## [Your goal]
Where the entries below show "Tropical Wall Tile", begin there and print that line and all following lines exactly, through the last, omitting pictures.

——

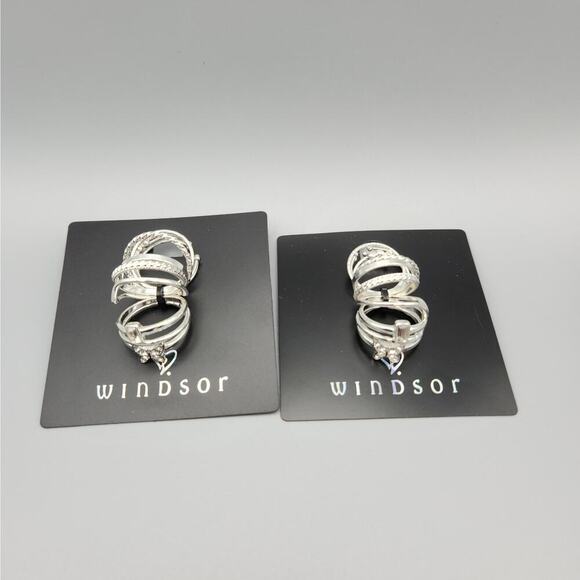 Windsor 10 Piece Ring Set Silvertone Mixed Styles Stack Bands Size 8 Fashion New - Picture 5 of 7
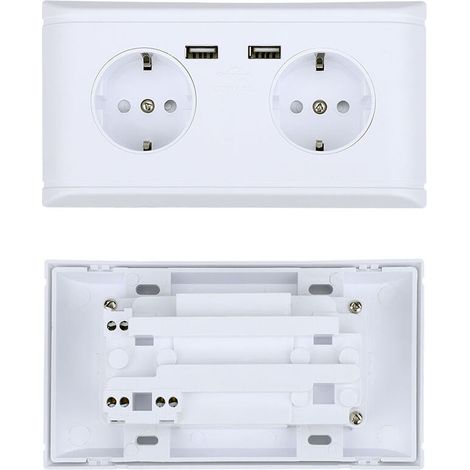 Prise murale multifonctionnelle avec fiche EU, double port USB pour charge de téléphone 250V (1/5)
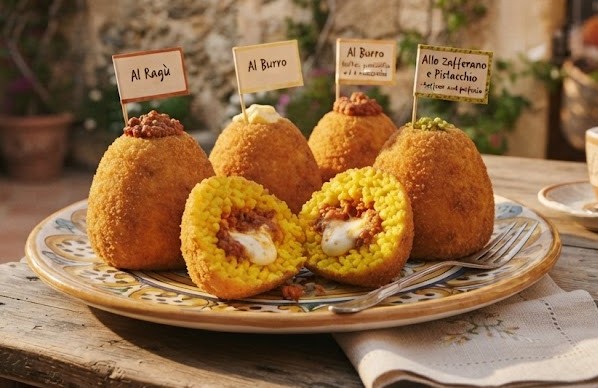 Arancine siciliane al ragù, al burro e allo zafferano con pistacchio
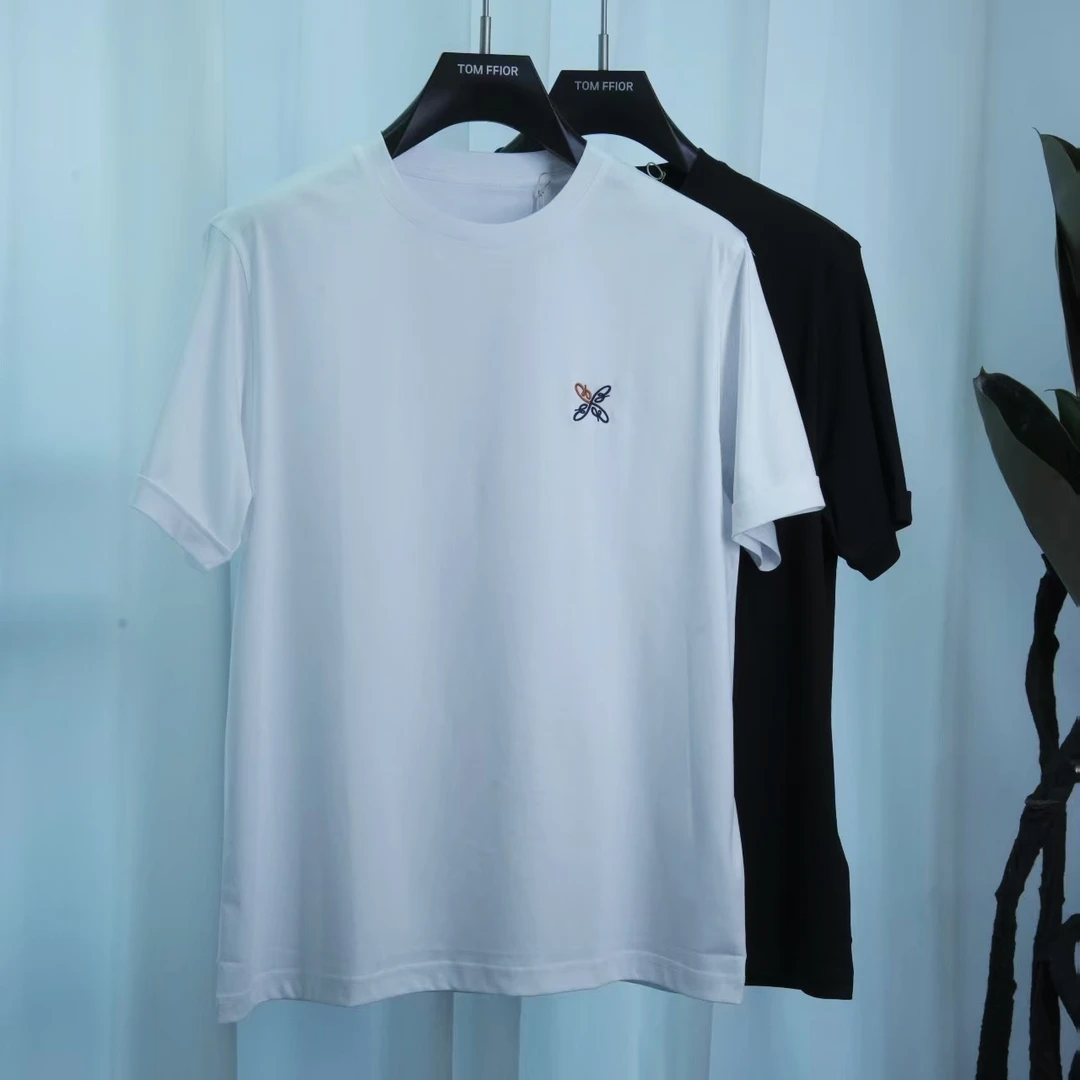 布里*奥高奢100纯棉丝光烧毛工艺刺绣抗皱丝滑圆领短袖T恤5112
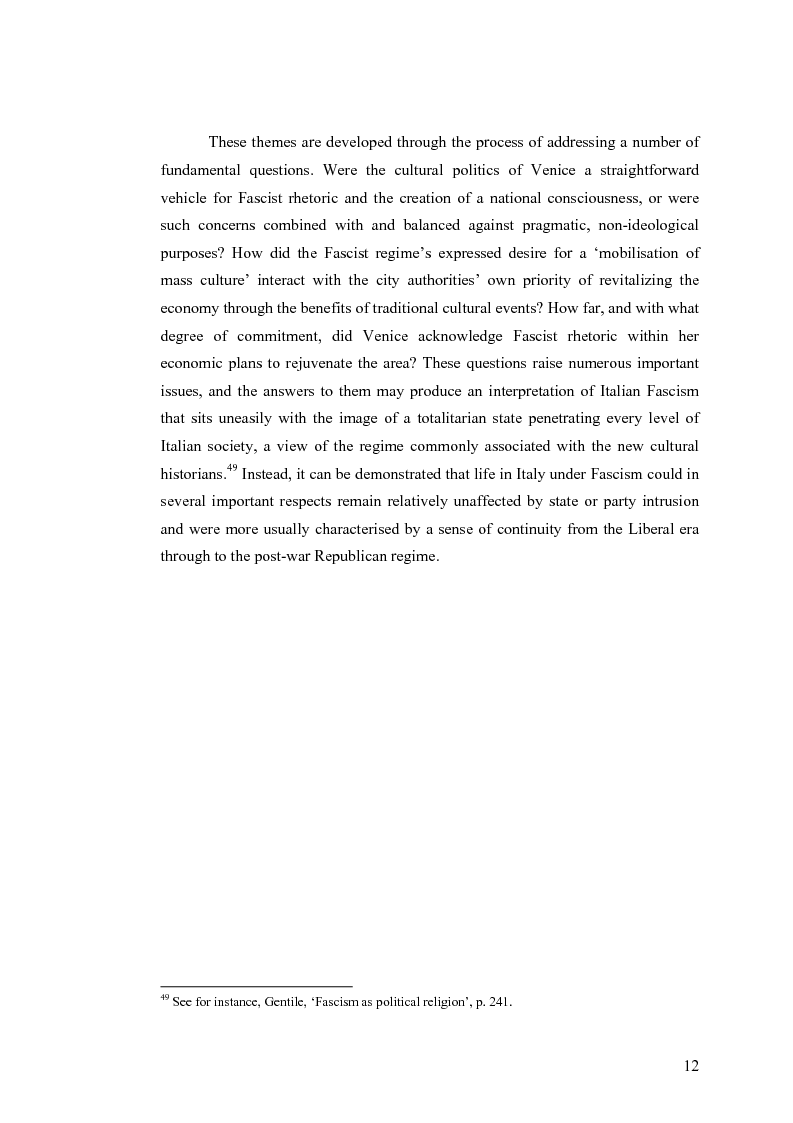 Anteprima della tesi: Culture, tourism and Fascism in Venice 1919-1945, Pagina 12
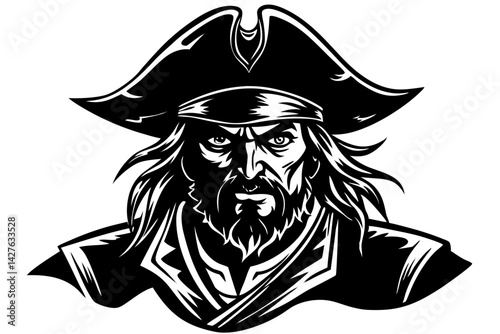 A captivating illustration of a stern pirate, his weathered face and intense gaze embodying the spirit of adventure. The pirate's hat adds a touch of classic maritime intrigue. generative AI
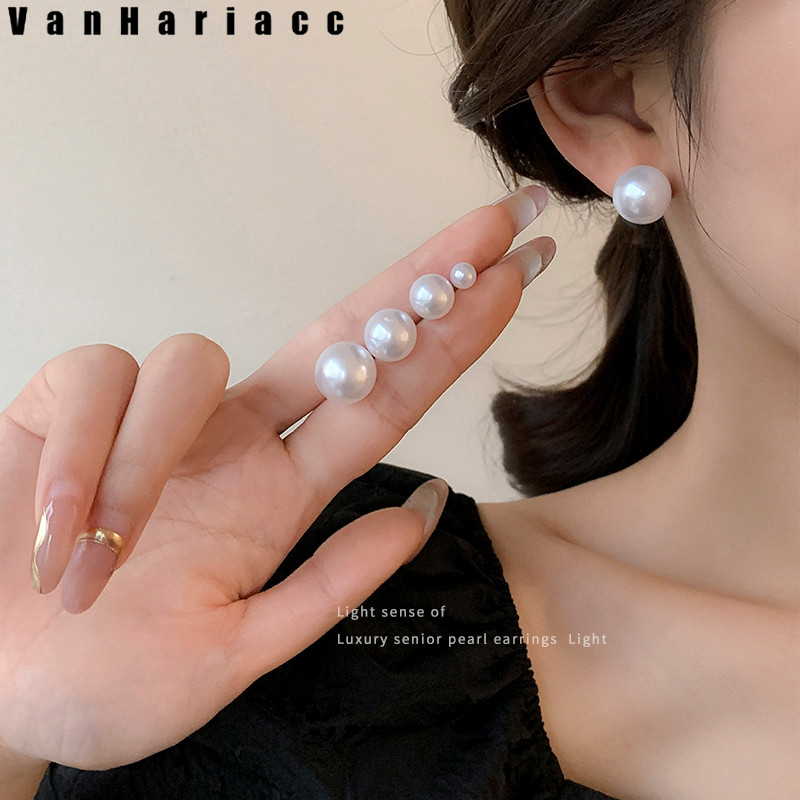 【VanHariacc】ต่างหูมุกความรู้สึกเรียบง่ายและระดับไฮเอนด์ ส925 เข็มเงินสำหรับผู้หญิง ราคา 3 บาท*ส่งฟรี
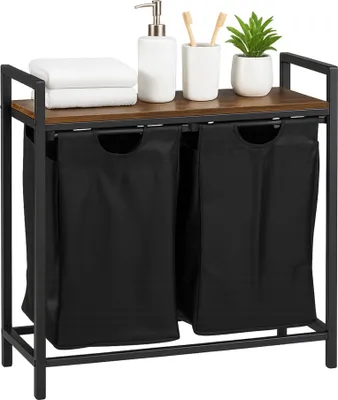 Immagine prodotto di Cestino portabiancheria Relaxdays, 2 cestini estraibili, con ripiano, L x P x A: 72 x 73 x 33 cm, cestino portabiancheria in metallo, marrone/nero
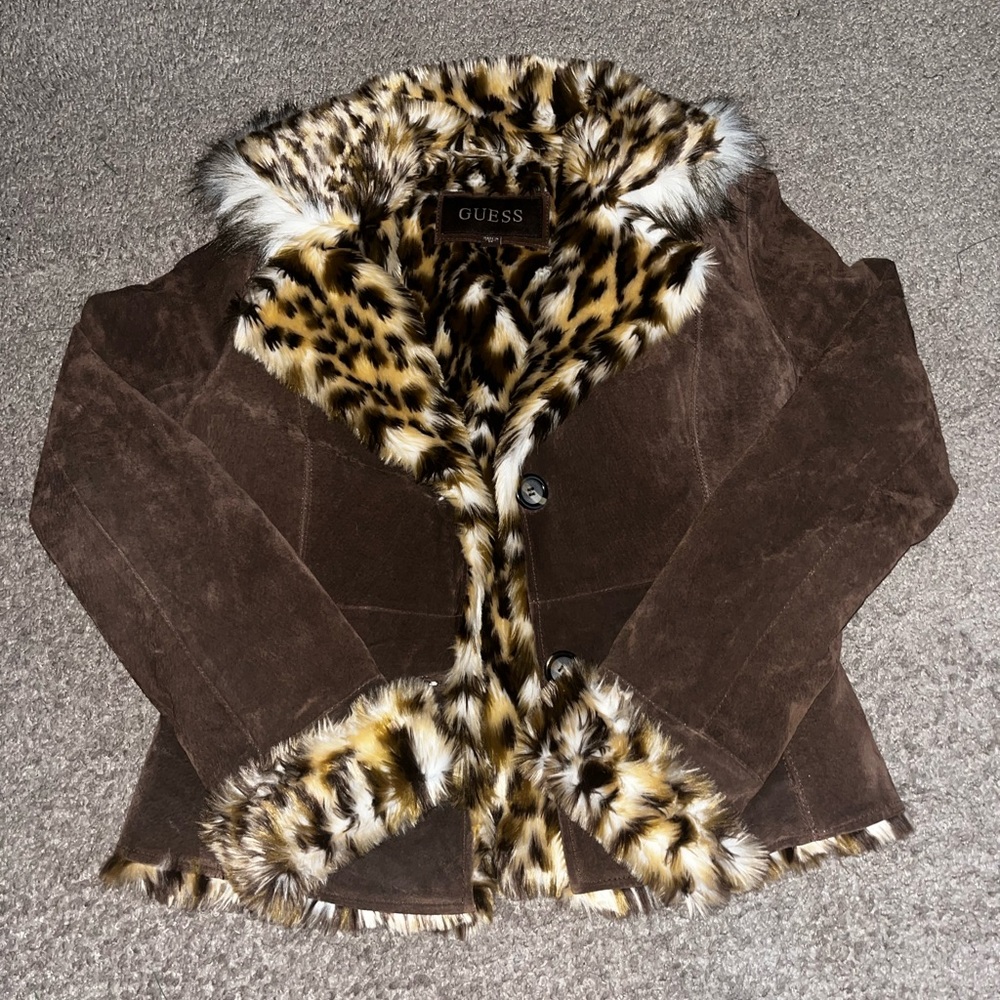 Y2K Brown soft leather leopard fur Guess jacket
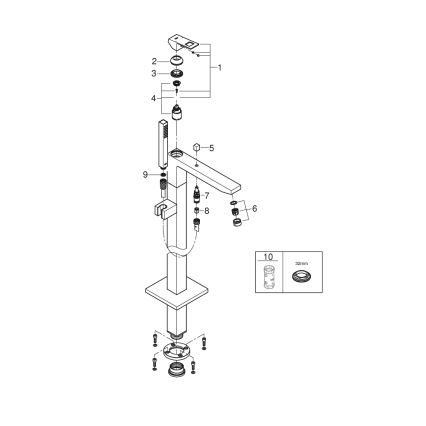 GROHE 23672001 - Μπαταρία μπανιέρας EUROCUBE 298 mm σε γυαλιστερό χρώμιο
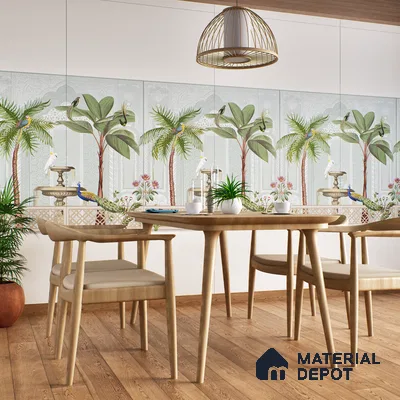 Tropical Wall Tile TL 07497 Prestige Royal Haveli Haven 4 ft x 2 ft Designer Tiles Vitrified Matte Finish - 9 mm | 1 Box Contain A & B Faces | Suitable for Bathroom, Accent/Feature Wall, Dining Area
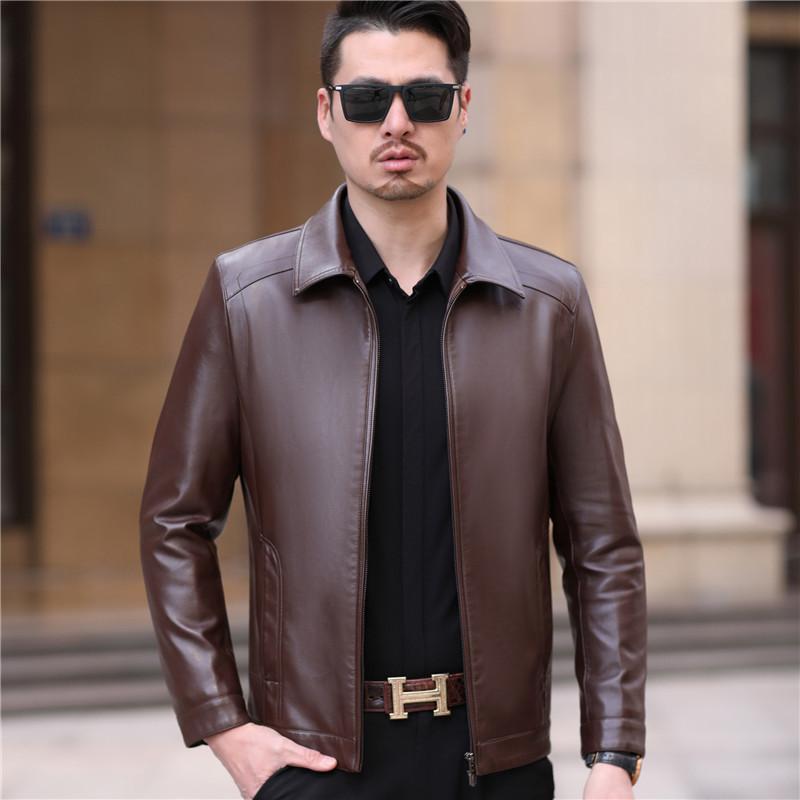 Herren Leder Lederjacke Revers Mittel Lederjacke Lässig Saison Schafsleder Dünne Jacke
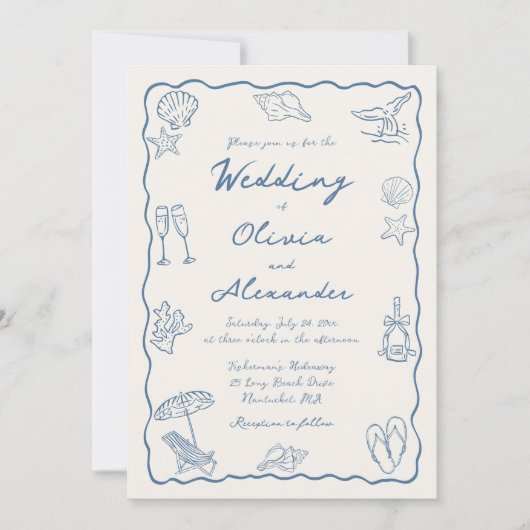 Invitation Whimsical Doodle Hand Drawn Coastal Beach Wedding (Devant)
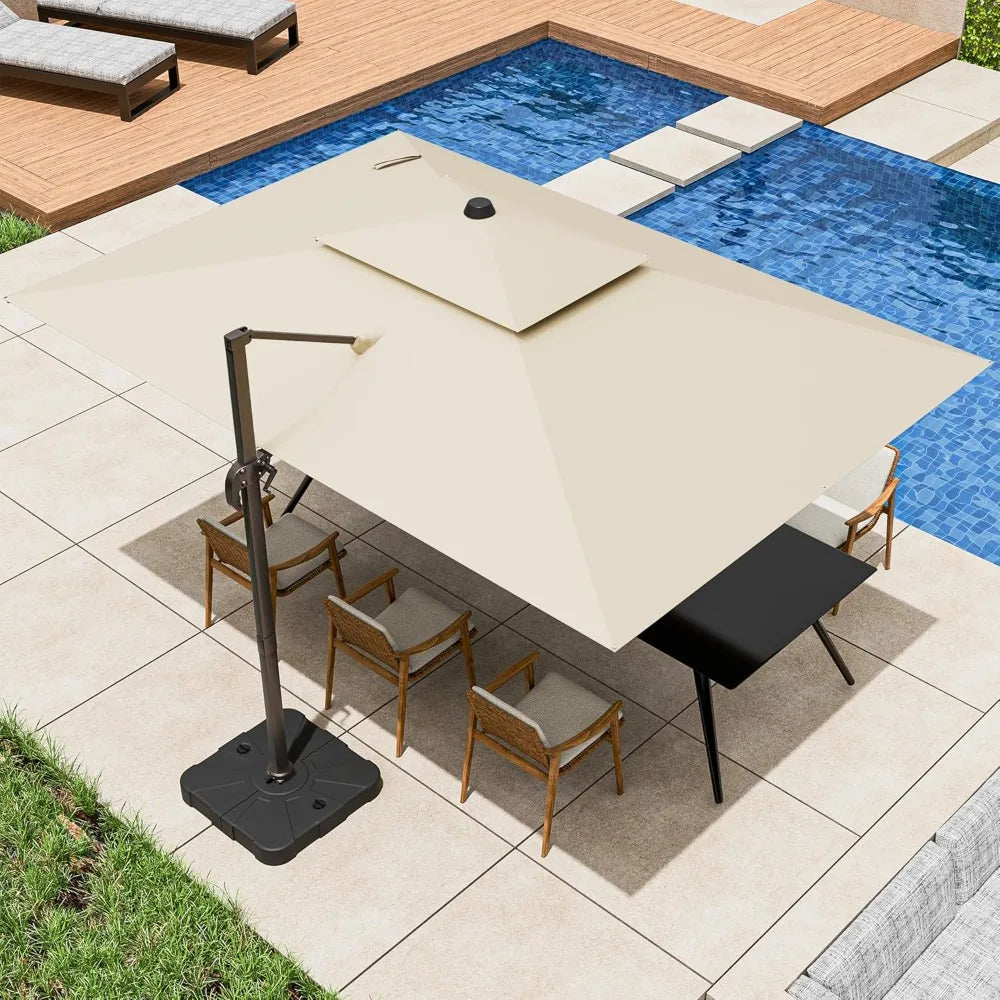 HUANZHUANG Cantilever Patio Umbrella 360 Rotation Windproof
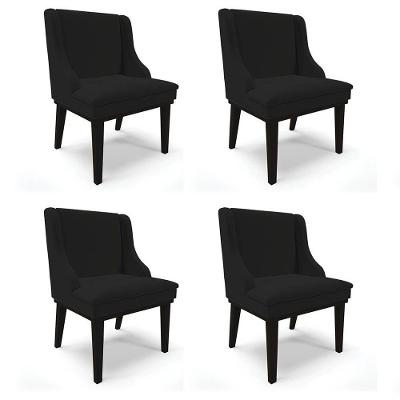 Kit 4 Cadeiras Estofadas Para Sala De Jantar Base Fixa De Madeira Preto Lia Linho Preto - Ibiza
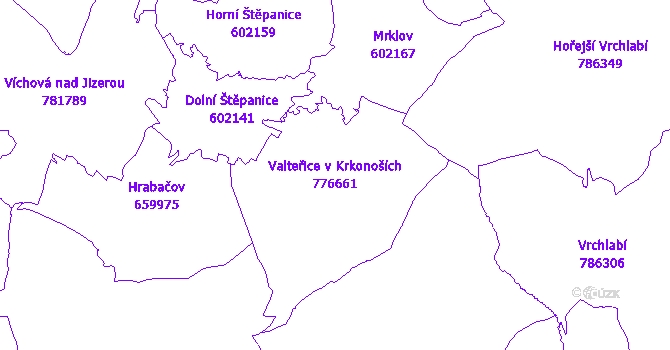 Katastrální mapa Valteřice v Krkonoších - přehledová mapa katastrálního území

——

## [Completed task]
 Tropical Wall Tile TL 07497 Prestige Royal Haveli Haven 4 ft x 2 ft Designer Tiles Vitrified Matte Finish - 9 mm | 1 Box Contain A & B Faces | Suitable for Bathroom, Accent/Feature Wall, Dining Area
 Herren Leder Lederjacke Revers Mittel Lederjacke Lässig Saison Schafsleder Dünne Jacke
 Invitation Whimsical Doodle Hand Drawn Coastal Beach Wedding (Devant)
 HUANZHUANG Cantilever Patio Umbrella 360 Rotation Windproof
 Kit 4 Cadeiras Estofadas Para Sala De Jantar Base Fixa De Madeira Preto Lia Linho Preto - Ibiza
 Katastrální mapa Valteřice v Krkonoších - přehledová mapa katastrálního území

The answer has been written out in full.